第三十二条 政府は、文部科学省及び厚生労働省、経済産業省、国土交通省その他の関係行政機関の職員をもって構成するスポーツ推進会議を設け、スポーツに関する施策の総合的、一体的かつ効果的な推進を図るための連絡調整を行うものとする。

   第五章 スポーツ審議会等及び体育指導委員

 (スポーツ審議会等)

第三十三条 都道府県に、スポーツの推進に関する審議会その他の合議制の機関を置くものとする。

2 市町村に、スポーツの推進に関する審議会その他の合議制の機関を置くことができる。

3 前二項の審議会その他の合議制の機関(以下「スポーツ審議会等」という。)は、第十条第二項及び第三十七条に規定するもののほか、都道府県の教育委員会若しくは知事又は市町村の教育委員会(当該市町村が特定地方公共団体である場合にあっては、市町村の教育委員会又はその長。以下この項において同じ。)の諮問に応じて、スポーツの推進に関する重要事項について調査審議し、及びこれらの事項に関して都道府県の教育委員会若しくは知事又は市町村の教育委員会に建議する。
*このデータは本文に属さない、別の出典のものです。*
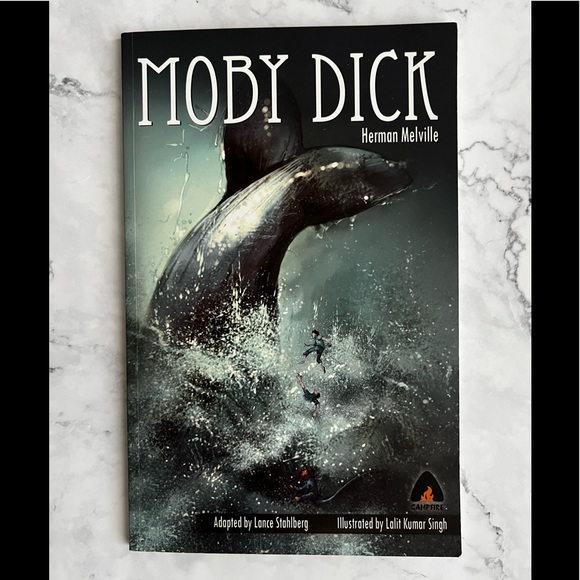 Herman Melville Moby Dick - Picture 1 of 3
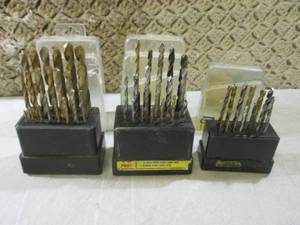 (BS) Assorted Drill Bits...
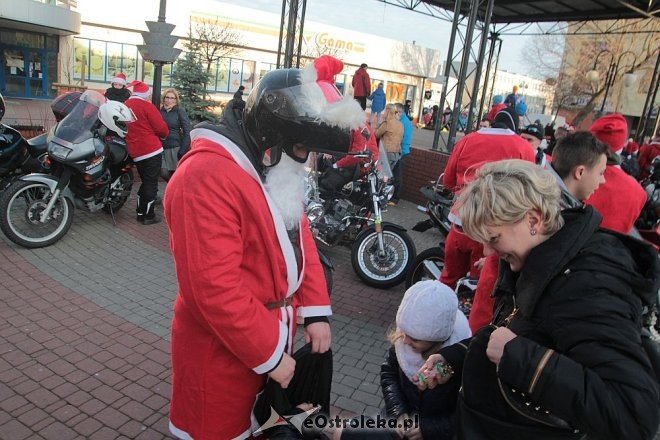 Motomikołaje opanowali Ostrołękę [06.12.2015] - zdjęcie #17 - eOstroleka.pl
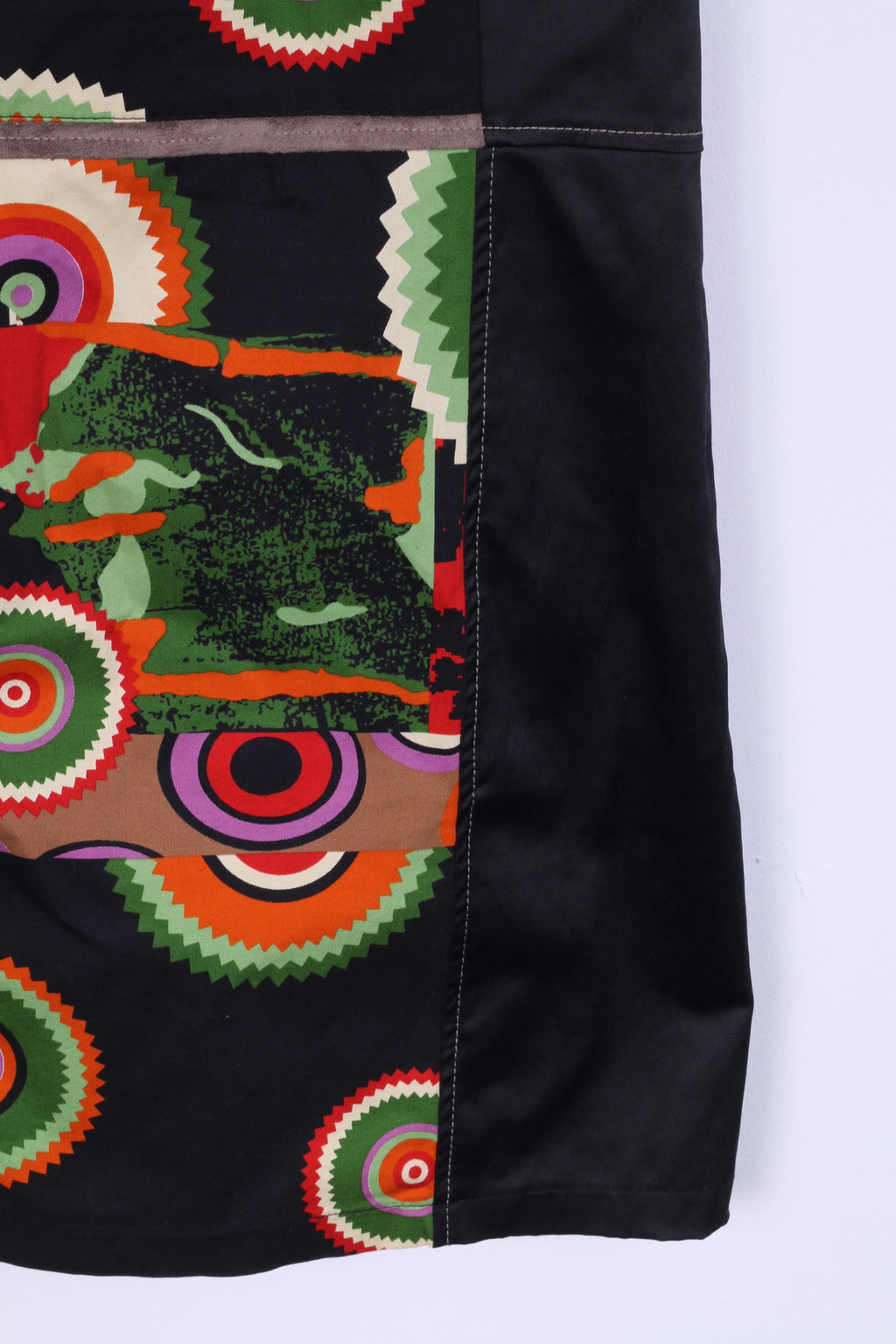 Rinascimento Dolce Vita Abito da Donna L (S) Multi Stampato Aderente Italia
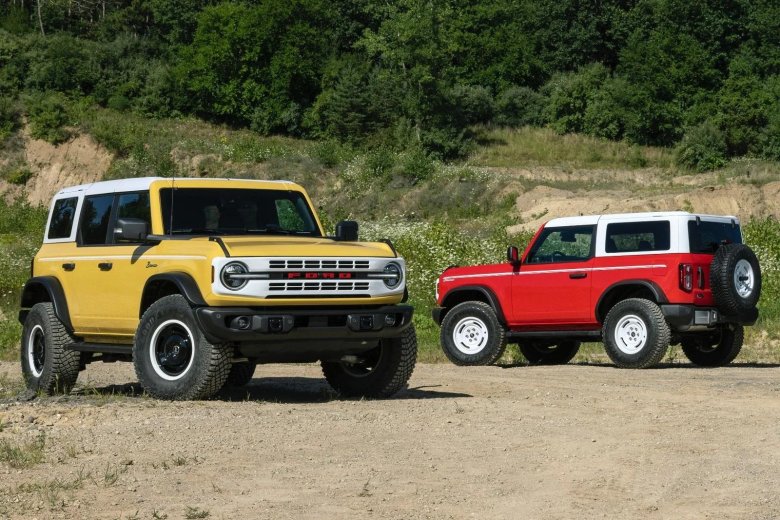 Ford bronco 2023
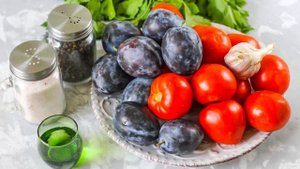 Помидоры с черносливом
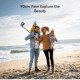 TELESIN High-Strength Aluminum Alloy Selfie Stick 90cm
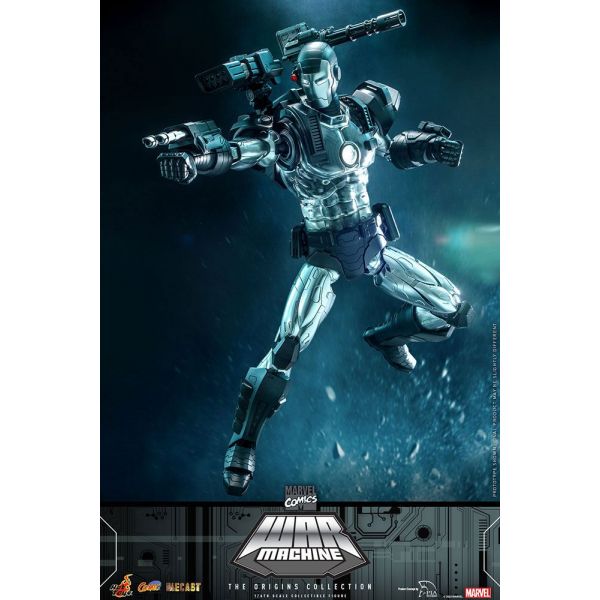 Movie Masterpiece War Machine 1/6 Scale Action Figure (Marvel Universe) Additional Image 4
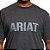 Camiseta Ariat Charcoal Heather 10030291 - Imagem 2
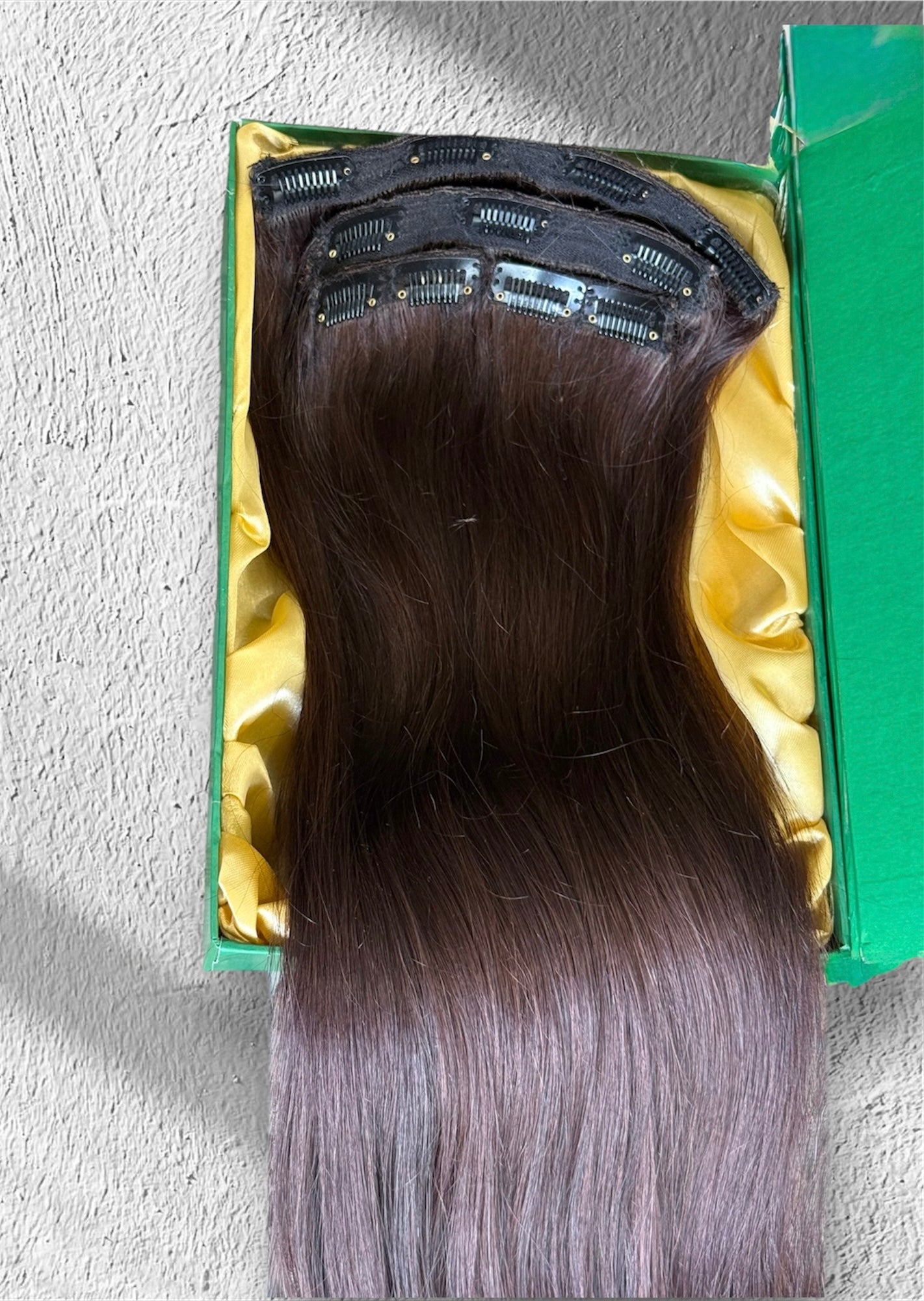CLIP In  4 piece Volumizer Extension set| HAIRBYPRUMYA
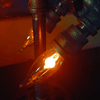 Vintage Steampunk raketti lamppu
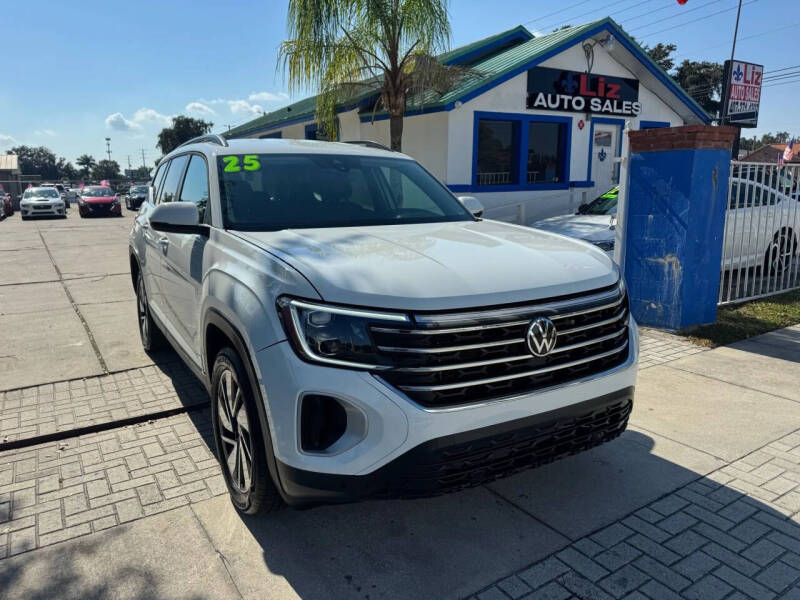 2025 Volkswagen Atlas SE 4Motion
4 スポーツ審議会等の委員は、スポーツに関する学識経験のある者の中から、教育委員会が任命する。この場合において、都道府県の教育委員会は知事の、市町村の教育委員会はその長の意見を聴かなければならない。

5 前項の規定にかかわらず、特定地方公共団体におけるスポーツ審議会等の委員の任命は、当該特定地方公共団体の教育委員会の意見を聴いて、地方公共団体の長が行う。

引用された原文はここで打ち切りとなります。